◆ **Extracted records**
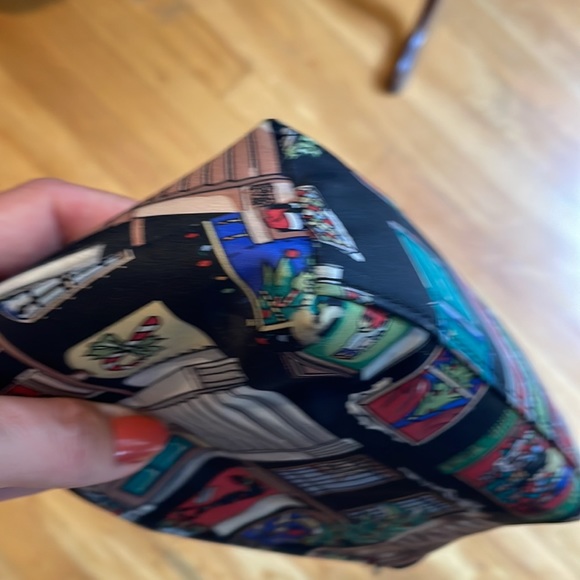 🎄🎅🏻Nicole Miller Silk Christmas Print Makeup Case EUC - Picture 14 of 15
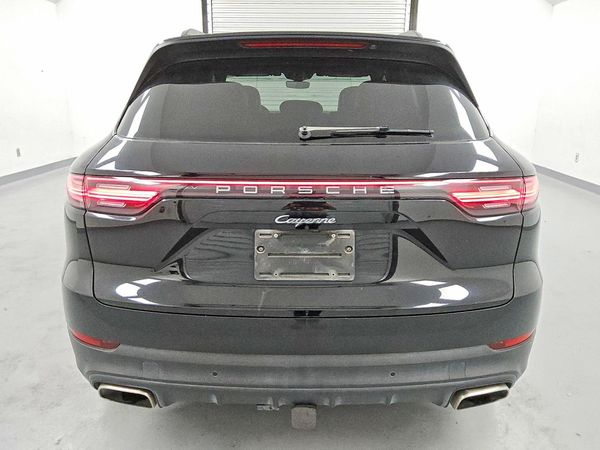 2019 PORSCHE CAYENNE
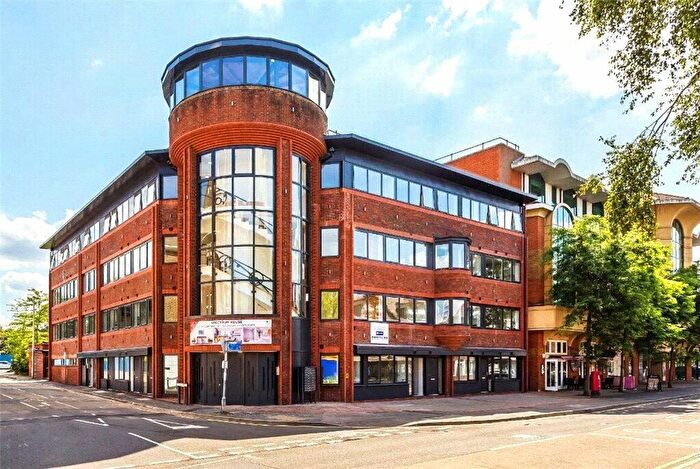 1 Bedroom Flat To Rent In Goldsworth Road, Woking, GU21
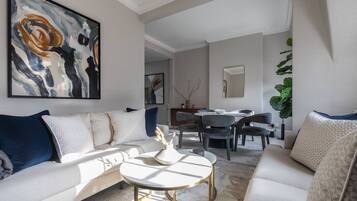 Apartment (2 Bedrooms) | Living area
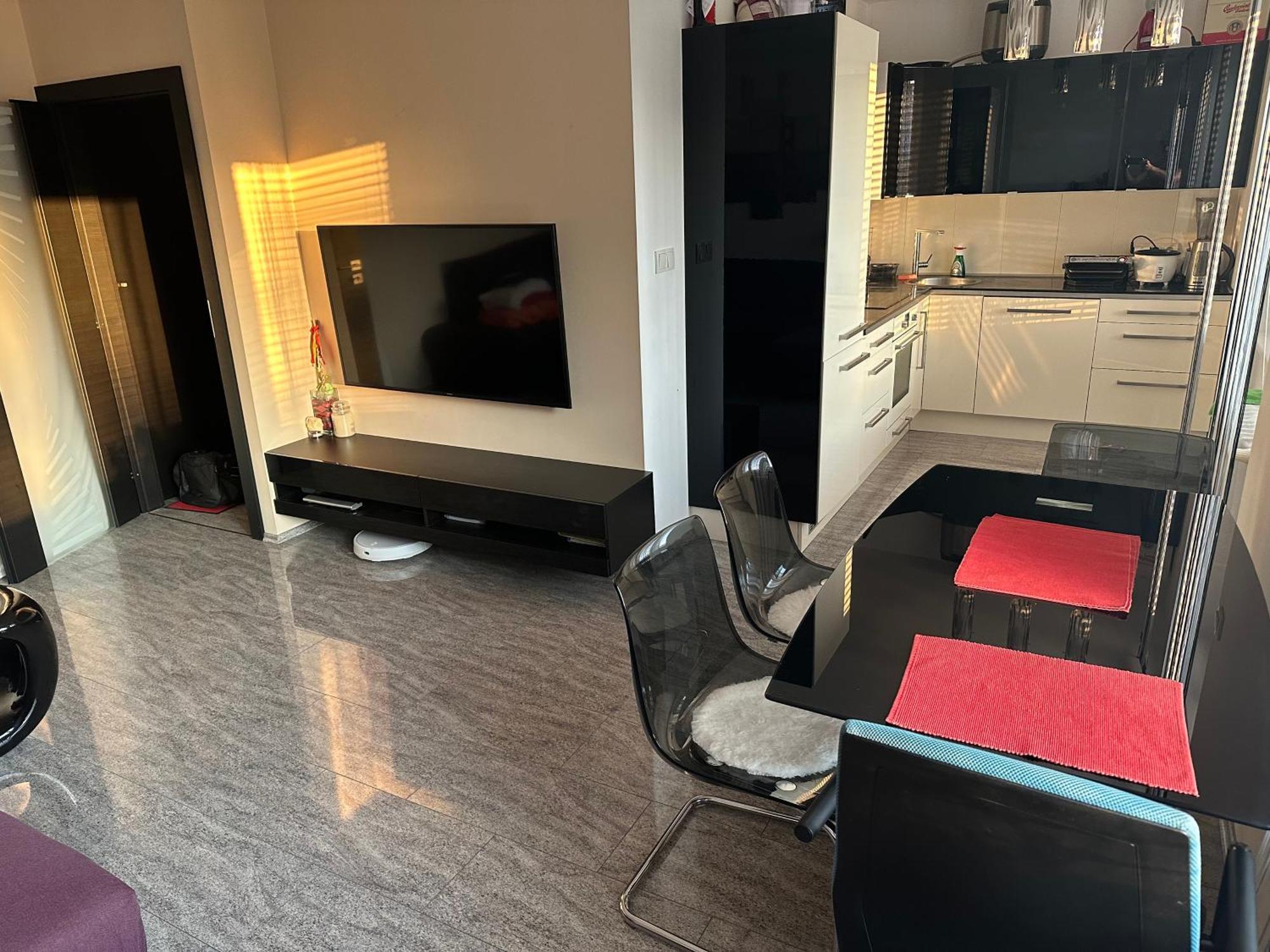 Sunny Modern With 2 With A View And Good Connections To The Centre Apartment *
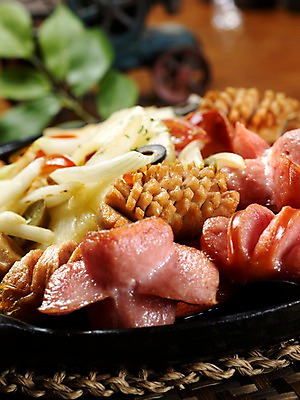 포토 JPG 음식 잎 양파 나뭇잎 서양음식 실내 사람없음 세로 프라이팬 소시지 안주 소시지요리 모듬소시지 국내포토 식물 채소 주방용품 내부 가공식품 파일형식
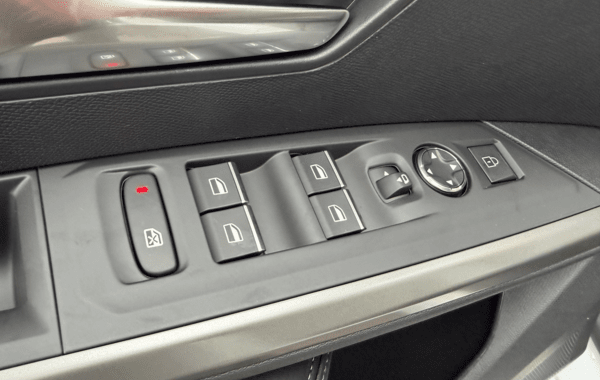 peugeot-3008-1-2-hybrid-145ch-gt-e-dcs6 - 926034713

--

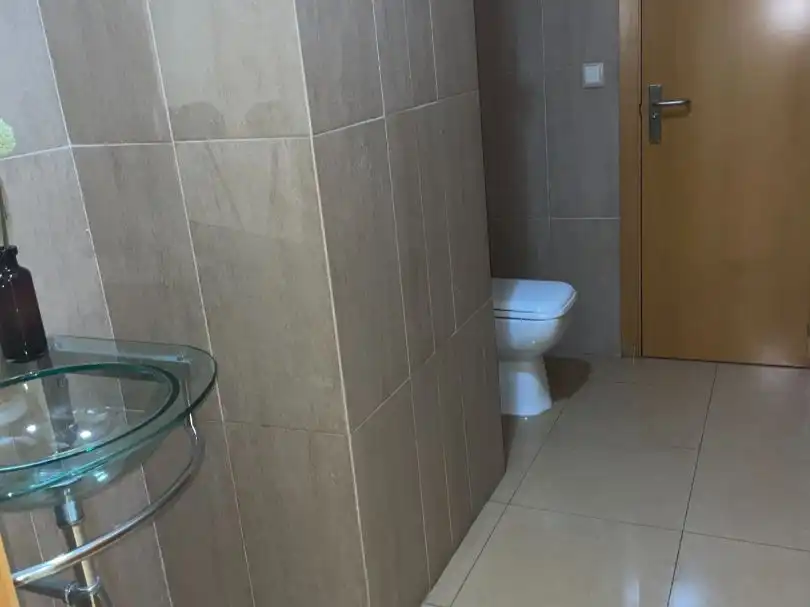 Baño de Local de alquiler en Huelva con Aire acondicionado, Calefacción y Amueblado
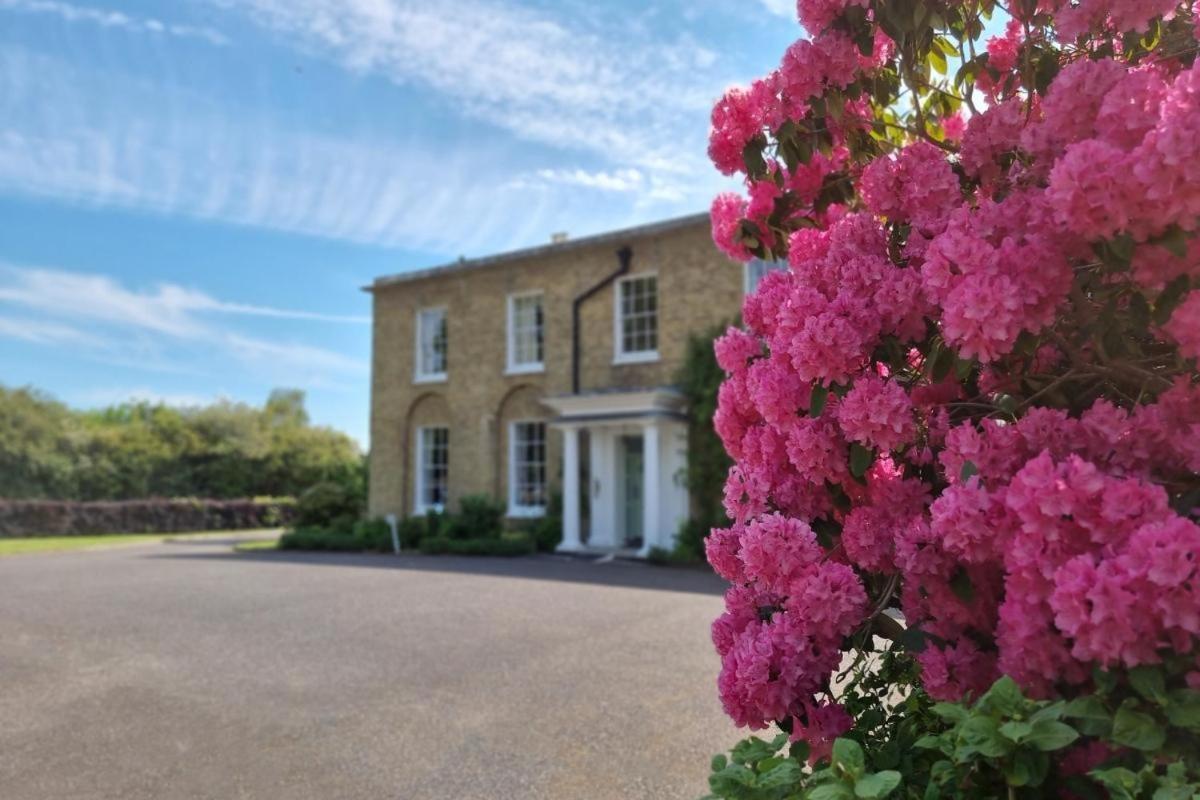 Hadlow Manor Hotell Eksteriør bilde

...

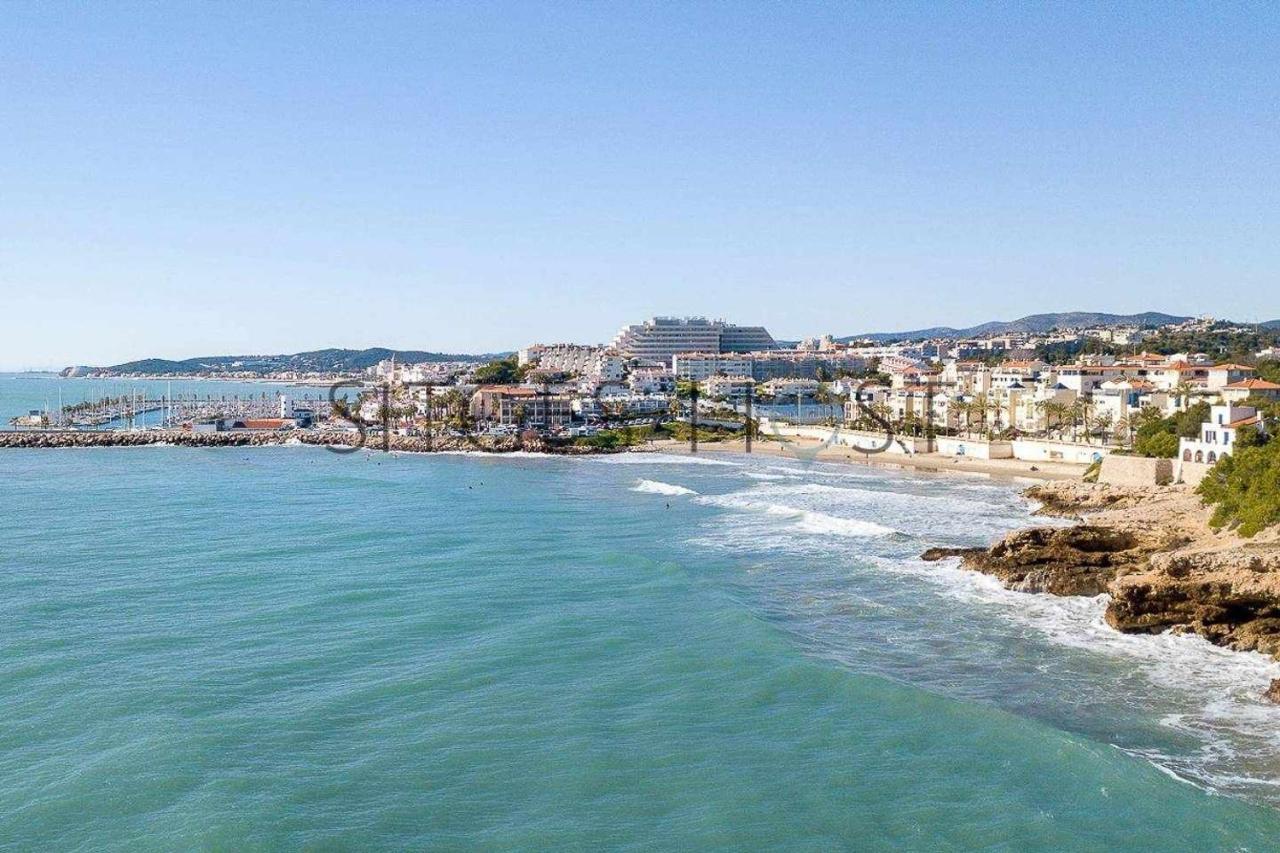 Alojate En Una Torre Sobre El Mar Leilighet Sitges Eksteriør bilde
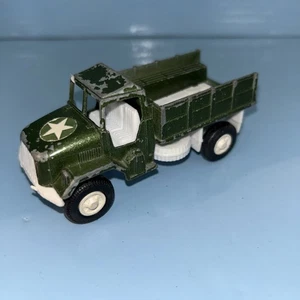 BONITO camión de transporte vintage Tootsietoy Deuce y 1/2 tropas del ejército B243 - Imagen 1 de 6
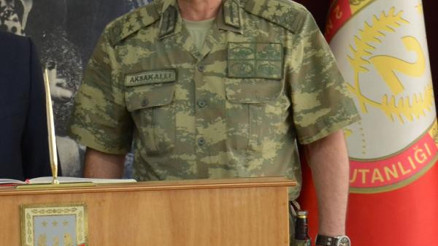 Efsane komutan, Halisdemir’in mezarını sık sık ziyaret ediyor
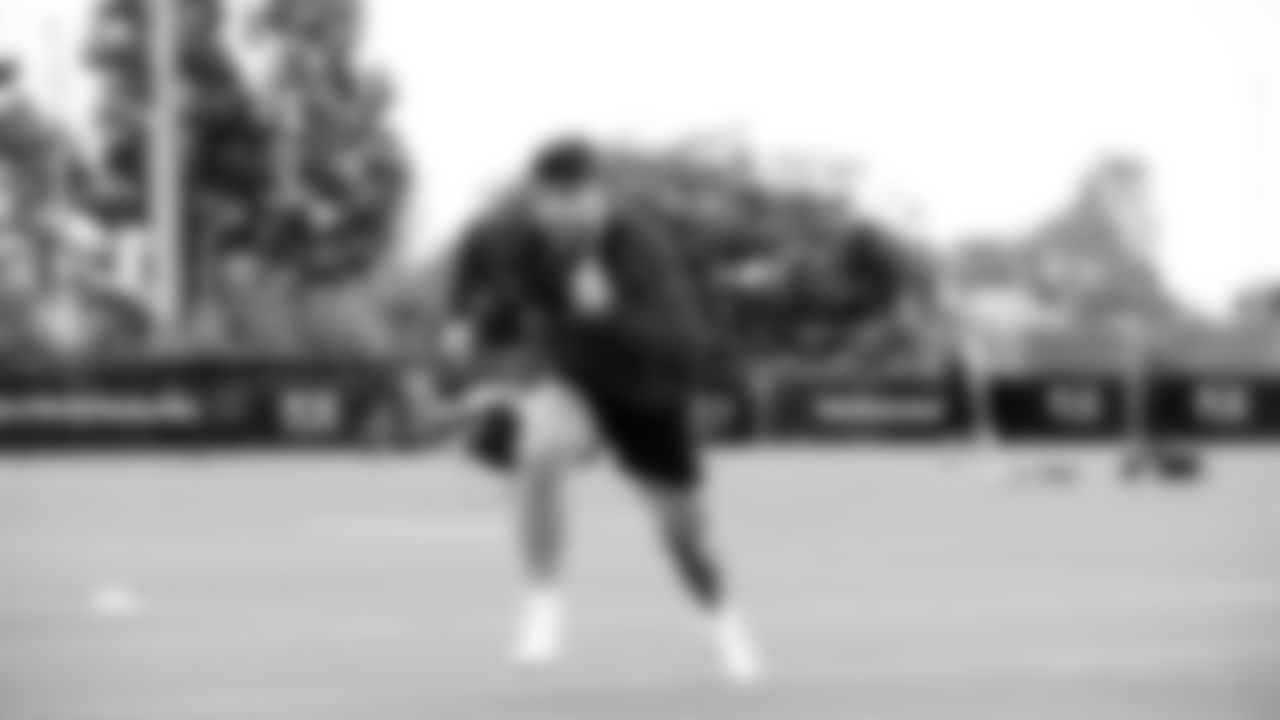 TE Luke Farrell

◆ **Exercise**
Please return the data above exactly as it stands from the line with "포토 JPG 음식 잎" to the line with "peugeot-3008-1-2-hybrid-145ch-gt-e-dcs6 - 926034713", keeping both of those lines but none of the pictures.

◆ **Written answer**
 포토 JPG 음식 잎 양파 나뭇잎 서양음식 실내 사람없음 세로 프라이팬 소시지 안주 소시지요리 모듬소시지 국내포토 식물 채소 주방용품 내부 가공식품 파일형식
 peugeot-3008-1-2-hybrid-145ch-gt-e-dcs6 - 926034713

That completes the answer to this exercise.